*Instructions to follow:*
Set down the records exactly as they stand, except for any pictures, which you should omit.

Saved data entries:
· · ·

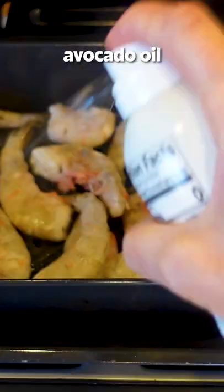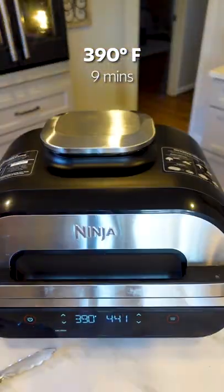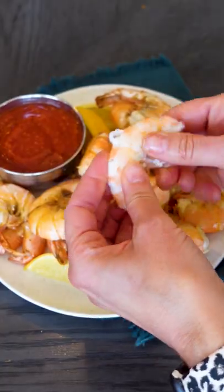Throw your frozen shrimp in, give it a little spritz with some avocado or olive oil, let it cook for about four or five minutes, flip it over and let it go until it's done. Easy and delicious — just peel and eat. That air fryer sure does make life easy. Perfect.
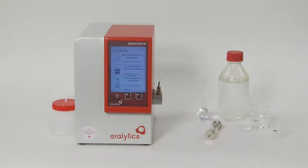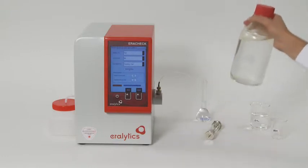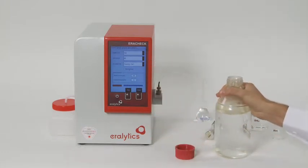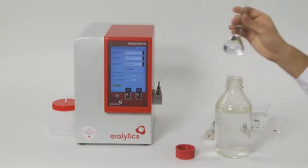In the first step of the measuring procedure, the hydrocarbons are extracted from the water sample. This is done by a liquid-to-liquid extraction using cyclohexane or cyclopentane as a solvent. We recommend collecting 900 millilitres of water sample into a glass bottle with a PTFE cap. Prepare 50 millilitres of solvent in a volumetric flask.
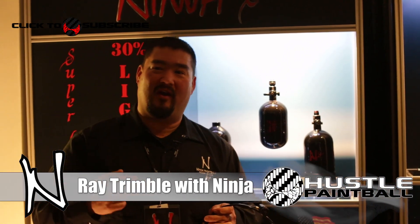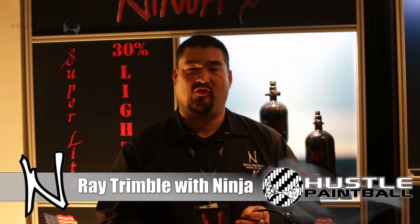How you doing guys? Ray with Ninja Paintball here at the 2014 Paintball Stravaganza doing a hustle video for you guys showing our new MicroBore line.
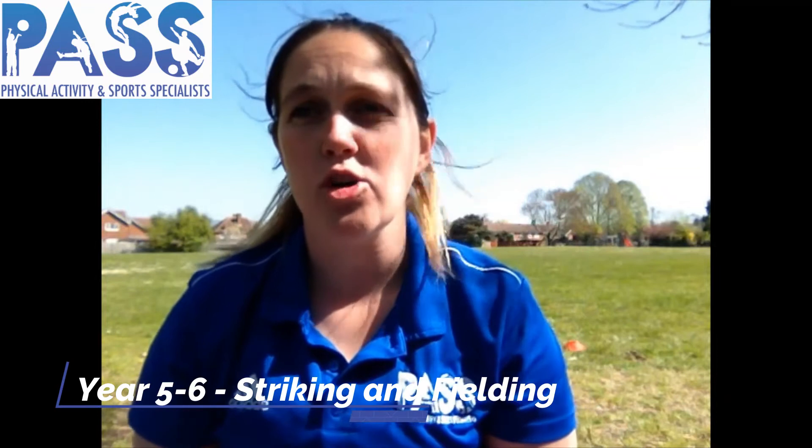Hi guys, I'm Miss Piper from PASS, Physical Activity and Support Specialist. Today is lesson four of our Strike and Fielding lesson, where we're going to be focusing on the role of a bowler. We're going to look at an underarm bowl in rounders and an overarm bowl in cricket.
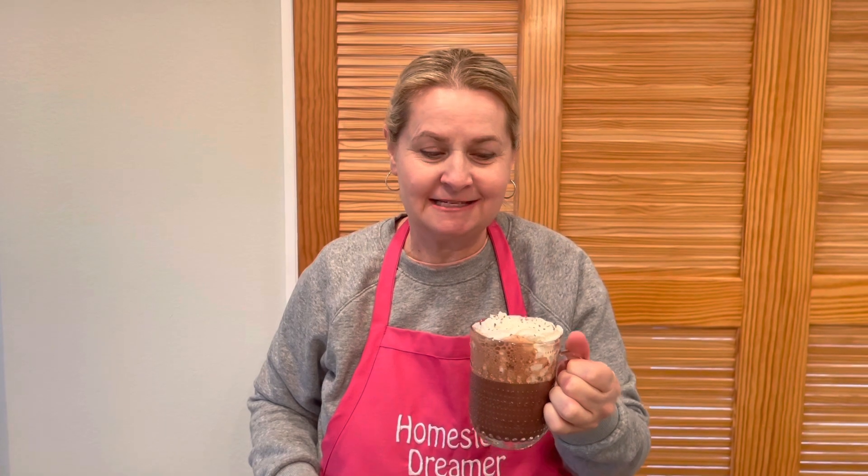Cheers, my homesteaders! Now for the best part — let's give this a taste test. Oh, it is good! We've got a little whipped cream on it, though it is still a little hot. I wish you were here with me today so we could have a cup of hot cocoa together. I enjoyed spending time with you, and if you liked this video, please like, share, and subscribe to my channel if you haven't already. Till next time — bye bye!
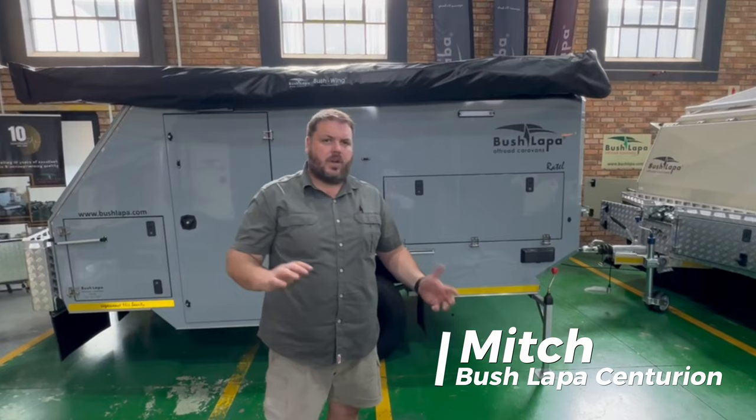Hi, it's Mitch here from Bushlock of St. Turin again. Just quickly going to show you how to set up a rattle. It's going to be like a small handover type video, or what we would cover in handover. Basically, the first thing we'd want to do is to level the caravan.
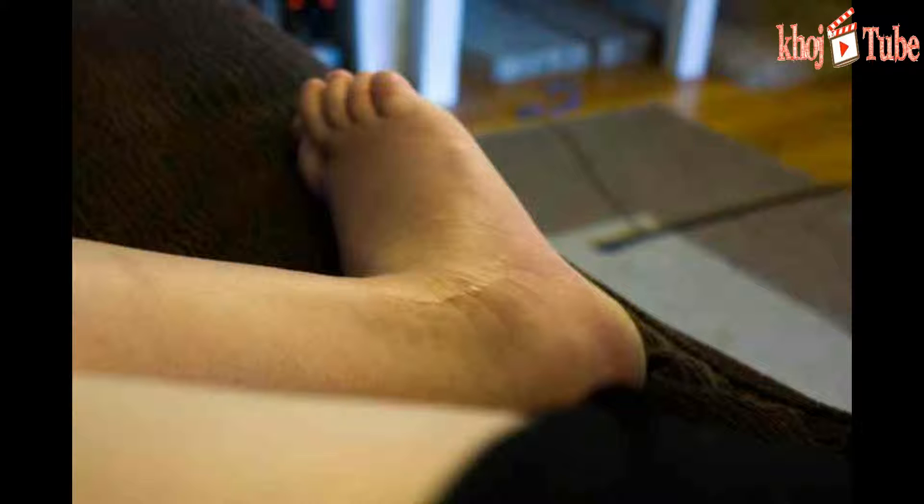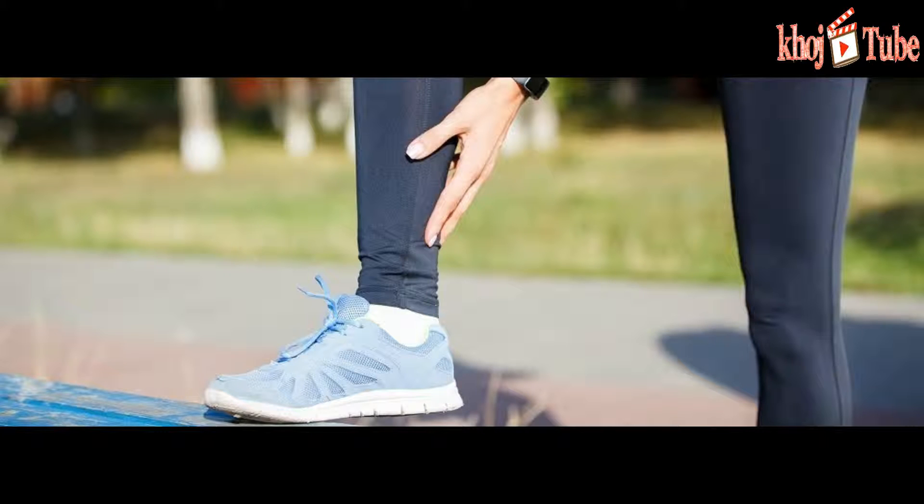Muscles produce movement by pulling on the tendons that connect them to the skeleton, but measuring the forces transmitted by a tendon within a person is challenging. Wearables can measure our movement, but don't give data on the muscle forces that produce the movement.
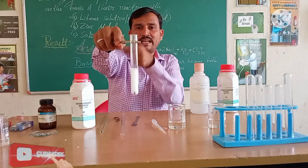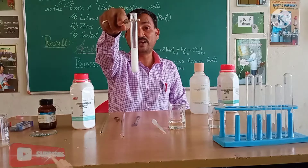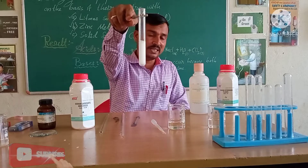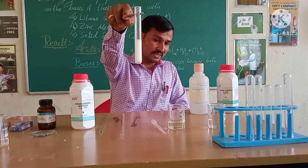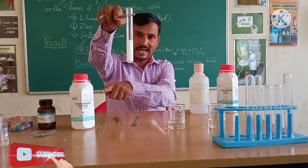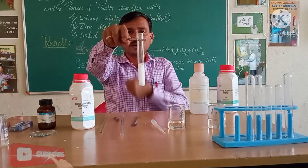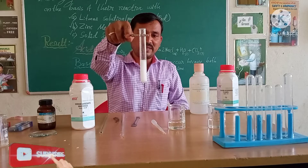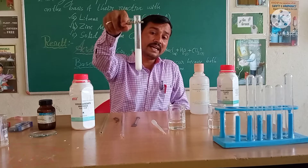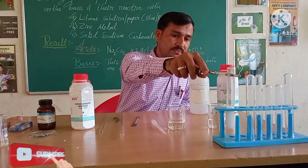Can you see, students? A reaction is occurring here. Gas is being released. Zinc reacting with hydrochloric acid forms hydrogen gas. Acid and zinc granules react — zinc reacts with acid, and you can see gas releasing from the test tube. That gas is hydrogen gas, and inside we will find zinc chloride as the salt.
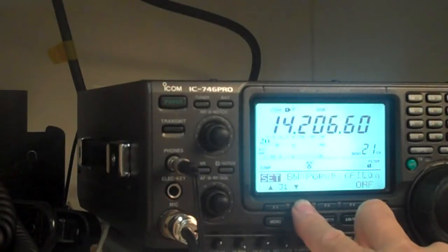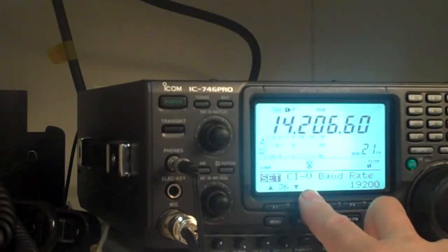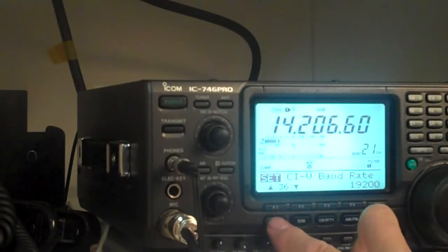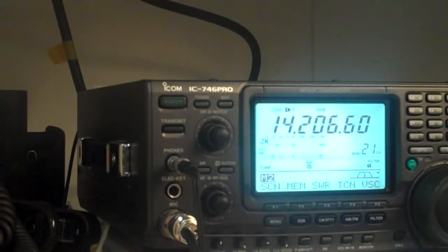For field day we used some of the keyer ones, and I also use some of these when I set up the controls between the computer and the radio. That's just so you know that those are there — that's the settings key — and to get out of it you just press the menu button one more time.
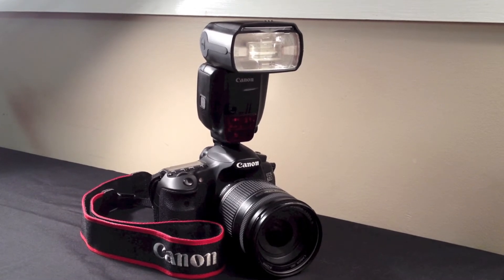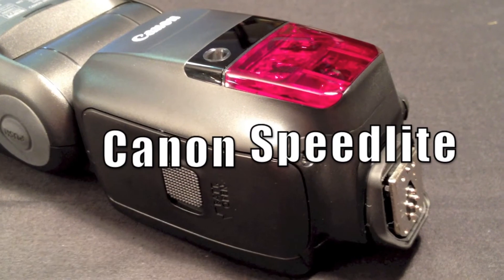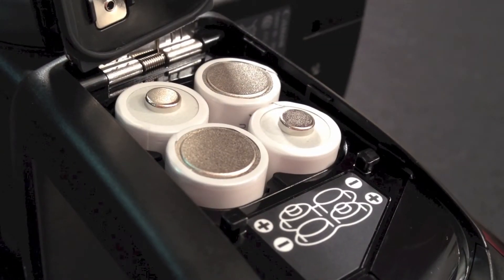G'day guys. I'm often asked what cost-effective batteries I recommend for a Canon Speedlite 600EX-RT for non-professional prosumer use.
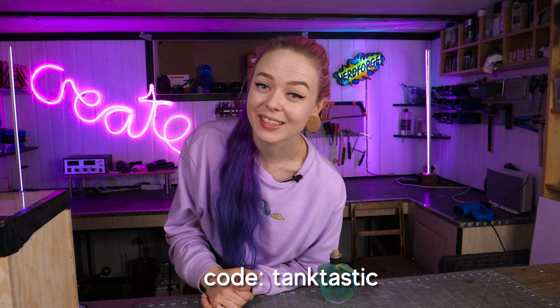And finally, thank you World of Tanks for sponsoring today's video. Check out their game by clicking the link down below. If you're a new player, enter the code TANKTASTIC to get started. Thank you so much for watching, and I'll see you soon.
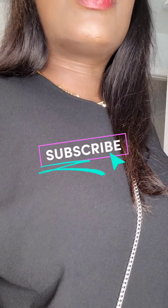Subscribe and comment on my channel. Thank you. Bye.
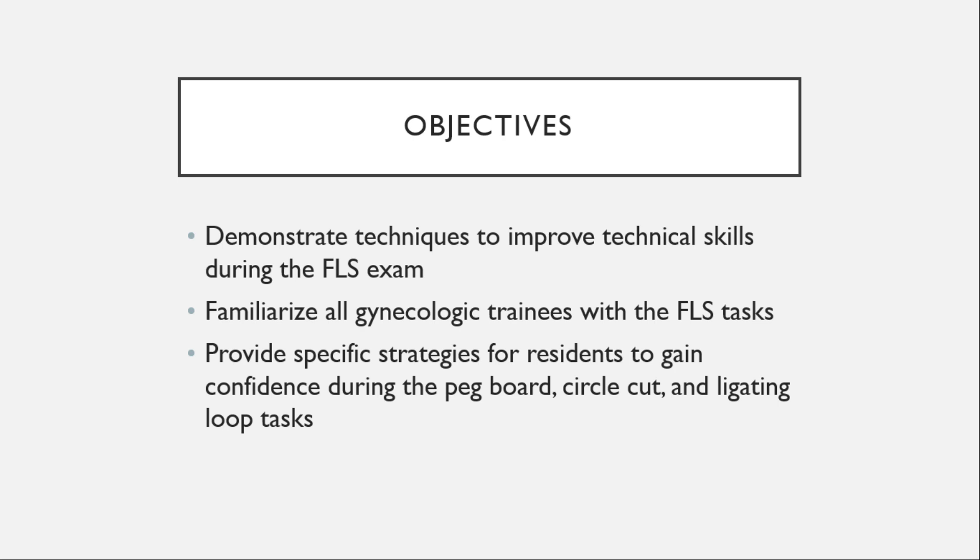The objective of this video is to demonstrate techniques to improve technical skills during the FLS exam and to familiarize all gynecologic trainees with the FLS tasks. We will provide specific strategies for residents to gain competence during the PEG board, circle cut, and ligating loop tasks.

· · ·

*Task response:*
Throw your frozen shrimp in, give it a little spritz with some avocado or olive oil, let it cook for about four or five minutes, flip it over and let it go until it's done. Easy and delicious — just peel and eat. That air fryer sure does make life easy. Perfect.
In the first step of the measuring procedure, the hydrocarbons are extracted from the water sample. This is done by a liquid-to-liquid extraction using cyclohexane or cyclopentane as a solvent. We recommend collecting 900 millilitres of water sample into a glass bottle with a PTFE cap. Prepare 50 millilitres of solvent in a volumetric flask.
How you doing guys? Ray with Ninja Paintball here at the 2014 Paintball Stravaganza doing a hustle video for you guys showing our new MicroBore line.
Hi guys, I'm Miss Piper from PASS, Physical Activity and Support Specialist. Today is lesson four of our Strike and Fielding lesson, where we're going to be focusing on the role of a bowler. We're going to look at an underarm bowl in rounders and an overarm bowl in cricket.
Cheers, my homesteaders! Now for the best part — let's give this a taste test. Oh, it is good! We've got a little whipped cream on it, though it is still a little hot. I wish you were here with me today so we could have a cup of hot cocoa together. I enjoyed spending time with you, and if you liked this video, please like, share, and subscribe to my channel if you haven't already. Till next time — bye bye!
Hi, it's Mitch here from Bushlock of St. Turin again. Just quickly going to show you how to set up a rattle. It's going to be like a small handover type video, or what we would cover in handover. Basically, the first thing we'd want to do is to level the caravan.
Muscles produce movement by pulling on the tendons that connect them to the skeleton, but measuring the forces transmitted by a tendon within a person is challenging. Wearables can measure our movement, but don't give data on the muscle forces that produce the movement.
Can you see, students? A reaction is occurring here. Gas is being released. Zinc reacting with hydrochloric acid forms hydrogen gas. Acid and zinc granules react — zinc reacts with acid, and you can see gas releasing from the test tube. That gas is hydrogen gas, and inside we will find zinc chloride as the salt.
For field day we used some of the keyer ones, and I also use some of these when I set up the controls between the computer and the radio. That's just so you know that those are there — that's the settings key — and to get out of it you just press the menu button one more time.
G'day guys. I'm often asked what cost-effective batteries I recommend for a Canon Speedlite 600EX-RT for non-professional prosumer use.
And finally, thank you World of Tanks for sponsoring today's video. Check out their game by clicking the link down below. If you're a new player, enter the code TANKTASTIC to get started. Thank you so much for watching, and I'll see you soon.
Subscribe and comment on my channel. Thank you. Bye.
The objective of this video is to demonstrate techniques to improve technical skills during the FLS exam and to familiarize all gynecologic trainees with the FLS tasks. We will provide specific strategies for residents to gain competence during the PEG board, circle cut, and ligating loop tasks.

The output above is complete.